Ci piace pensare che i servizi clienti siano lì per... servire i clienti, cioè noi. Giusto? Non proprio. Dopo un'insolita diffusione di Mac Defender, il malware per OS X, Apple sta dicendo ai suoi clienti che ci devono pensare da soli.
L'ordine, arrivato con un memo interno direttamente ai responsabili del customer care, stabilisce che non è un problema di Apple:
"AppleCare non fornisce supporto per la rimozione del malware. Non dovete né confermare né smentire che il Mac del cliente sia infetto".

Non dovete confermare o smentire?

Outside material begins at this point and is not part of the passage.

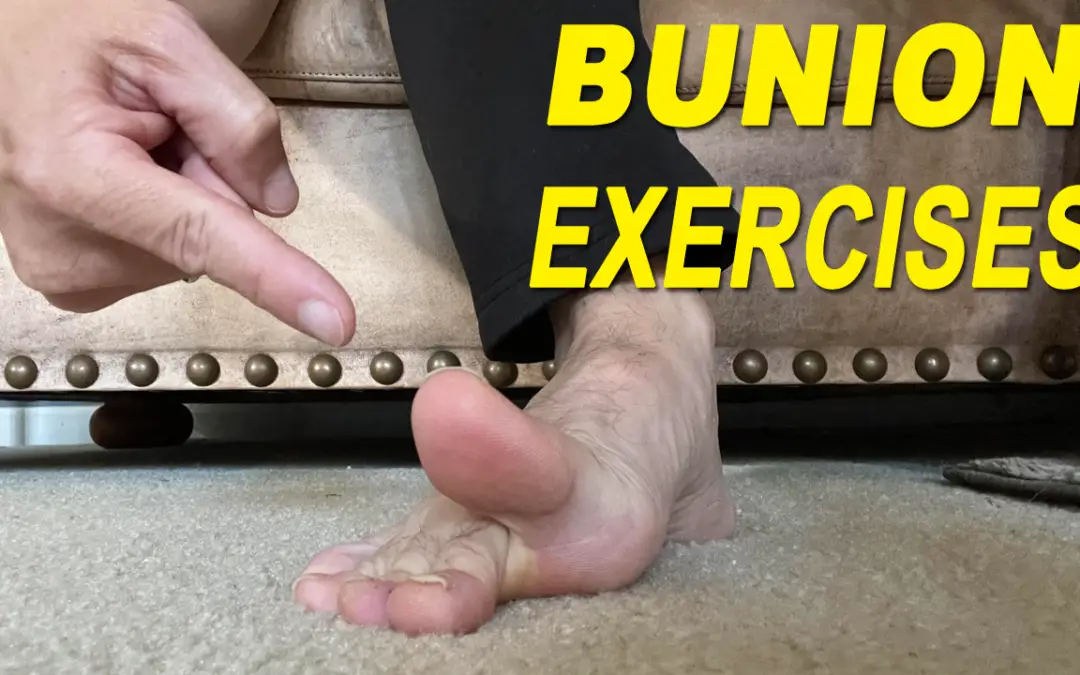 Do Toe Spacers Help Bunions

Lasciare intenzionalmente i clienti a brancolare nel buio non è bello, ma ora viene il peggio:

Non cercate di installare o rimuovere alcun software malware.
Non contattate Tier 2 per avere supporto nella rimozione de software
Non mandate i clienti al punto vendita Apple: non fornisce alcun supporto aggiuntivo per i malware”.

Quindi, anche se un cliente è sicuro che il suoi computer sia infetto, Apple non vuole avere niente a che fare con questa storia. Lasciatecelo dire: non è affatto bello. (c.c.)